*DATA:*
┄┄┄┄┄┄

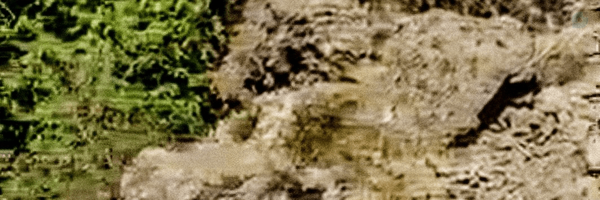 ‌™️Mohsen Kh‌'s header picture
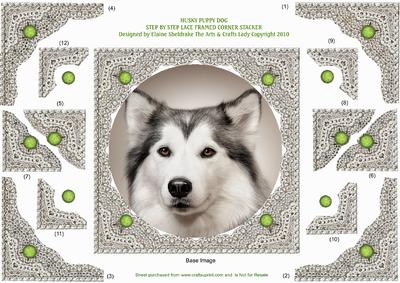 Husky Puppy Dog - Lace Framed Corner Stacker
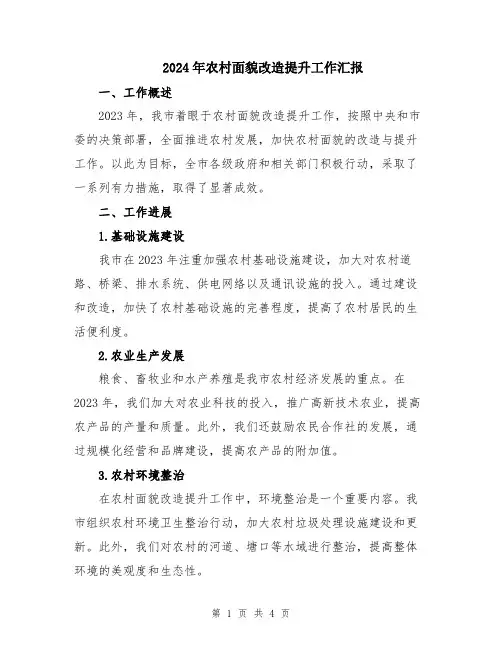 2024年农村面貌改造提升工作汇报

┄┄┄┄┄┄

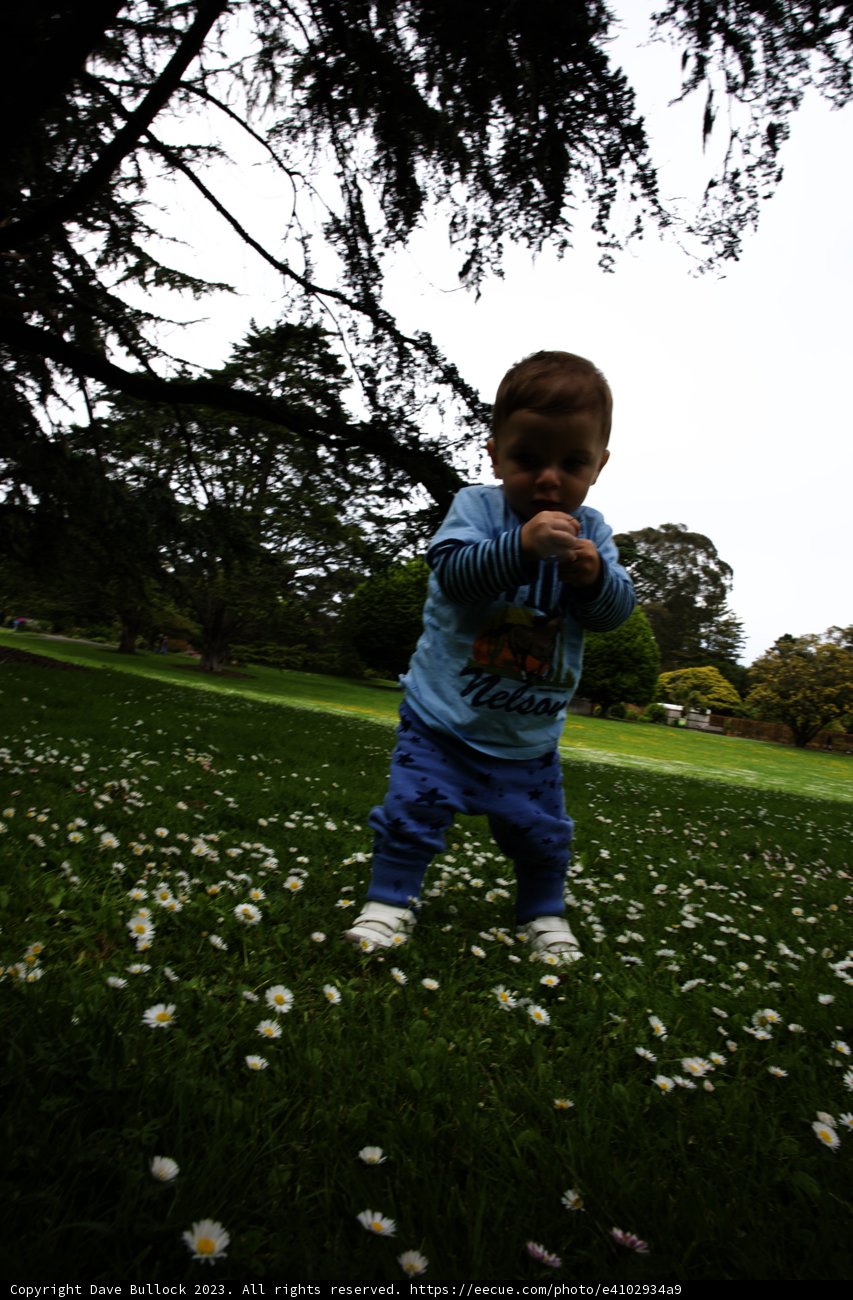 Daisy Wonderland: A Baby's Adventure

┄┄┄┄┄┄

*WHAT IS BEING ASKED:* Skipping the pictures, print the lines in the listing above exactly as written, starting at the line with "Husky Puppy Dog - Lace Framed Corner Stacker" and ending at the line with "2024年农村面貌改造提升工作汇报", both included.

*TASK SOLUTION:*
 Husky Puppy Dog - Lace Framed Corner Stacker
 2024年农村面貌改造提升工作汇报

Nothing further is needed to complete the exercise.